Compassion-inclined animal literature has an unsettling, estranging effect on readers. It invites a reappraisal of our interactions with nature and encourages engagement with difficult ethical questions. This chapter introduces the idea of animal literature as a literature of protest that educates readers on ways human behavior causes suffering, promotes empathy, and envisions more compassionate ways of interacting with nonhuman neighbors. This chapter argues the imaginative spaces stories provide make an important contribution toward the formation of humane values. Here and throughout, Hugh Lofting’s Doctor Dolittle novels provide the impetus for the ‘welfarist’ approach to reading introduced.

My father recited poems out loud at home. I have vivid memories of him reading “The Bells Of Heaven” (Ralph Hodgson), “Snake” (D. H. Lawrence), and a poem I have never been able to relocate about a fox caught in a trap with young in the den. The innocence of anymals and the cruel power of humanity was manifest in sorrow, anger, even bitterness in my father’s soft voice.
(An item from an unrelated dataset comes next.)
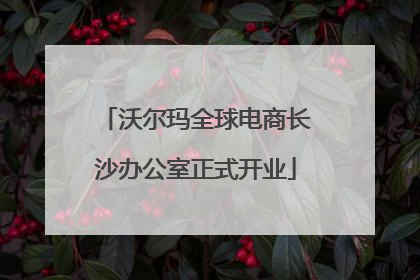 沃尔玛全球电商长沙办公室正式开业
Already then, his sentiments echoed my own experiences with humanity and anymals in rural America. I also recall my mother singing the folksong, “The Fox Went out on a Chilly Night,” and how my father would say, “The fox has to eat, too.” I realize now that the poems themselves might never have reached me if my parents had not read and sung to us when we were young. Through their voices—through this shared experience of literature—I gained more than what was written on those dog-eared pages.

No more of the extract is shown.